Ni los más viejos de los lugares afectados por las últimas tempestades (denominarles tormentas me parece cortedad verbal y ya saben que yo soy dado a la hipérbole), ni los más ancianos, digo, habían visto cosa semejante. Pero estos cataclismos están anunciados por los meteorólogos y otros científicos que advierten de la cada vez mayor intensidad de las sequías y, alternativamente, de las lluvias torrenciales. El clima, descompuesto por la acción del hombre, se está volviendo loco y sus viejas tendencias catastróficas se multiplican sin remedio. La naturaleza se pasa por el mismísimo agujero en la capa del ozono esos amplísimos periodos de retorno que algunos expertos oficiales u oficiosos adjudicaron en su día a la que cayó sobre Biescas, para justificar la tragedia entonces ocurrida y certificar que lo inusual fue la potencia superlativa de las precipitaciones y no el hecho de que se hubiese instalado un camping en medio del curso natural de un torrente.

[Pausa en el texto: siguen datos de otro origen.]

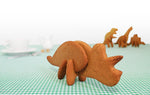 En avant plan TRiceratops en biscuits 3D et en arrière plan 3 autres dinosaures fait en biscuit. Les dinosaure sont sur une table dont la nape est en vichy vert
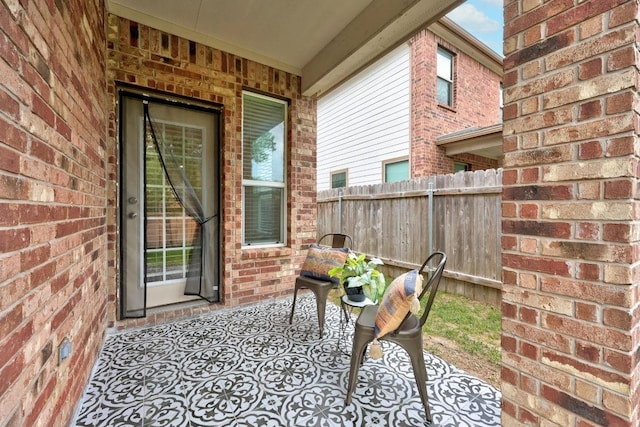view of patio / terrace featuring fence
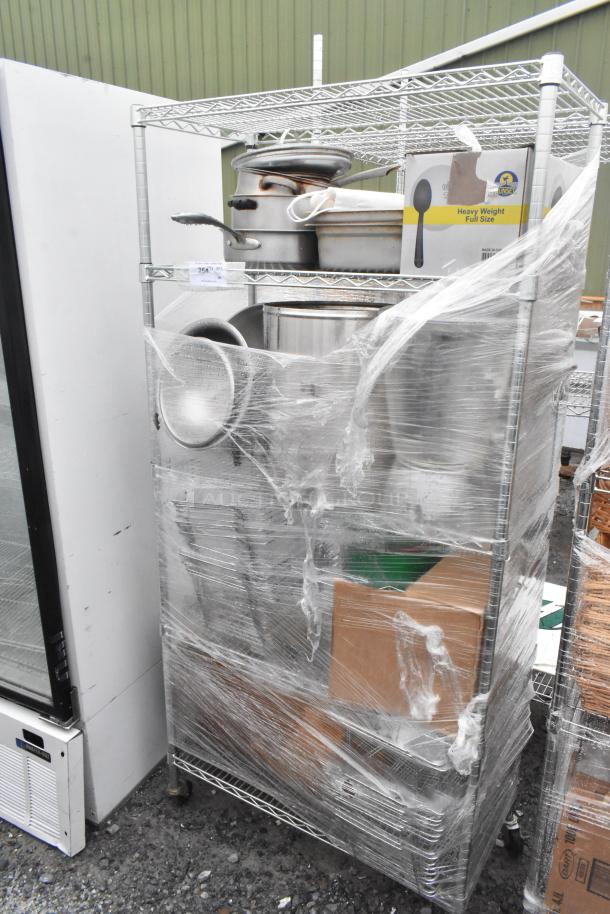 Chrome finish 5-tier wire shelving unit with metal drop-in bins, secured with plastic wrap, requires buyer dismantling.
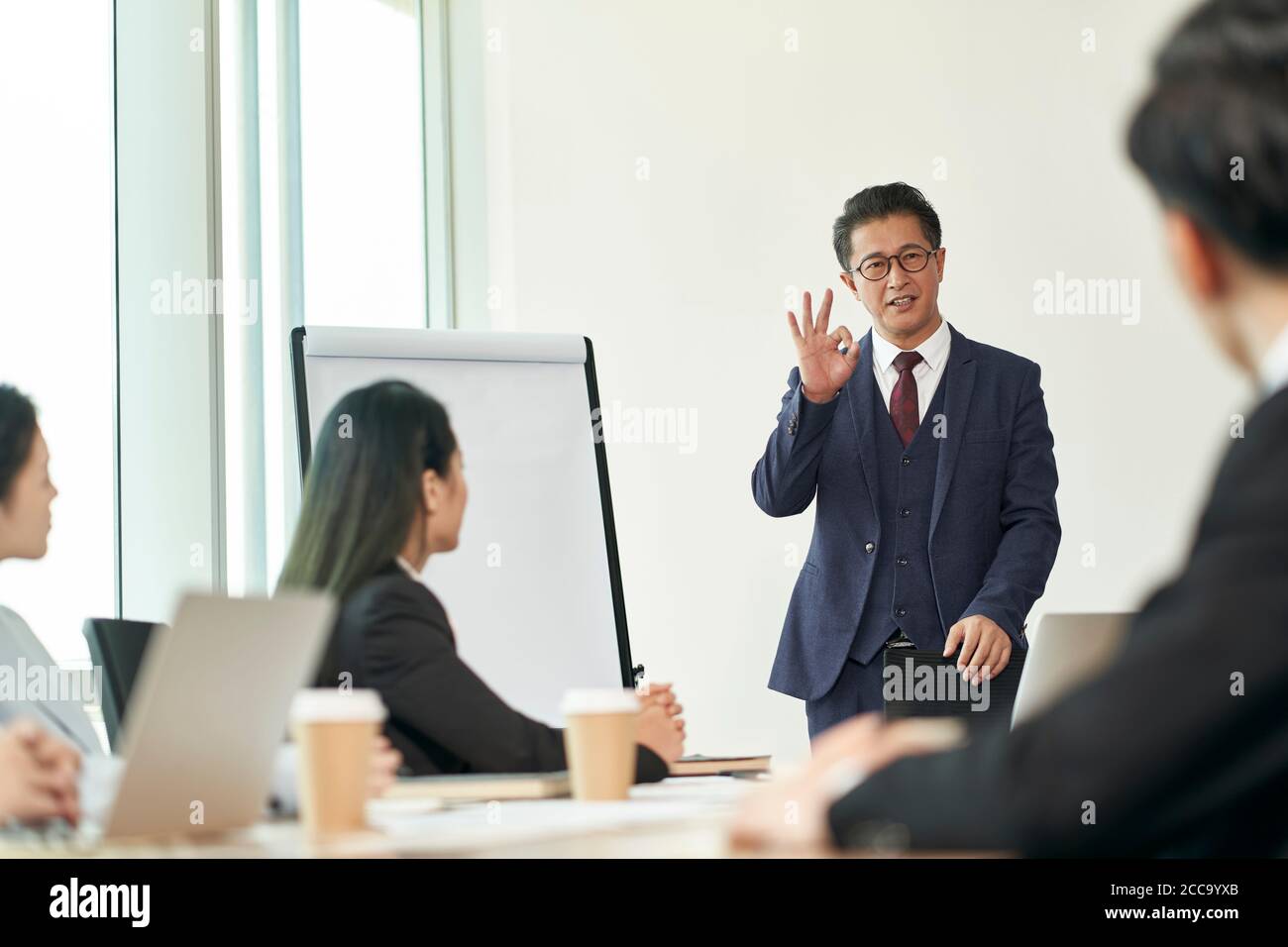 il dirigente aziendale asiatico ha tenuto un discorso durante la riunione di gruppo in ufficio Foto Stock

Quiero decir, en fin, que deberíamos hacernos a la idea de que existe un hilo conductor cada vez más nítido entre nuestro empeño de forzar los límites del medioambiente y la rebelión de una naturaleza que si siempre fue imprevisible ahora anda en abierta estampida. Reconfiguramos ( o así) las montañas y los ríos, envenenamos el aire y el agua... No sólo porque nuestro destino es domar el planeta, sino por el objetivo mucho menos épico de ganar dinero rápido. Así que se invaden las riberas, se construye en las rieras, se queman alegremente los bosques y se toman por el pito del sereno no ya las advertencias de los ecologistas, sino el mismísimo Protocolo de Kyoto. Pero luego llegan la imprevista tempestad nunca vista, aquellos calores jamás vividos o la granizada del milenio, y alucinamos en colores. Ya sé que quienes intentamos introducir en el debate social cuestiones medioambientales somos considerados unos auténticos pelmazos. Llueve porque llueve, dirán algunos, y se encogerán de hombros.